Exercise prompt
Beginning with the first line of the data below, set down each line exactly through the line that contains "Dusty Blue cosmetologist".

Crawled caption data
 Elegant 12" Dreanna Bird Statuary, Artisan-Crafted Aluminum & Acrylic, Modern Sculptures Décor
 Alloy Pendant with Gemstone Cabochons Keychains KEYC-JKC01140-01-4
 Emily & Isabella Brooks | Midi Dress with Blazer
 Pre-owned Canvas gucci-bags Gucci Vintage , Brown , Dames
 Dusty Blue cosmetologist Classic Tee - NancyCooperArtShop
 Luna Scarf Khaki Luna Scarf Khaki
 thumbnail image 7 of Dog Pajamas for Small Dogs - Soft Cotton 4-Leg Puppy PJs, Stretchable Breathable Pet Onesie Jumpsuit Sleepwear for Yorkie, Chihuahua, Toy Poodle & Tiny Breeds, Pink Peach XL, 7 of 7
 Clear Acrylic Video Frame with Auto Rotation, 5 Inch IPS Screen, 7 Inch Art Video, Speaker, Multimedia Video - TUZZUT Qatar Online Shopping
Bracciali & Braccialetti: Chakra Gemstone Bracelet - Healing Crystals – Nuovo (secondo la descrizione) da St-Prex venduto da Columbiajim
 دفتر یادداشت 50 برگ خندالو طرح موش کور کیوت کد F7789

Answer to this problem
 Elegant 12" Dreanna Bird Statuary, Artisan-Crafted Aluminum & Acrylic, Modern Sculptures Décor
 Alloy Pendant with Gemstone Cabochons Keychains KEYC-JKC01140-01-4
 Emily & Isabella Brooks | Midi Dress with Blazer
 Pre-owned Canvas gucci-bags Gucci Vintage , Brown , Dames
 Dusty Blue cosmetologist Classic Tee - NancyCooperArtShop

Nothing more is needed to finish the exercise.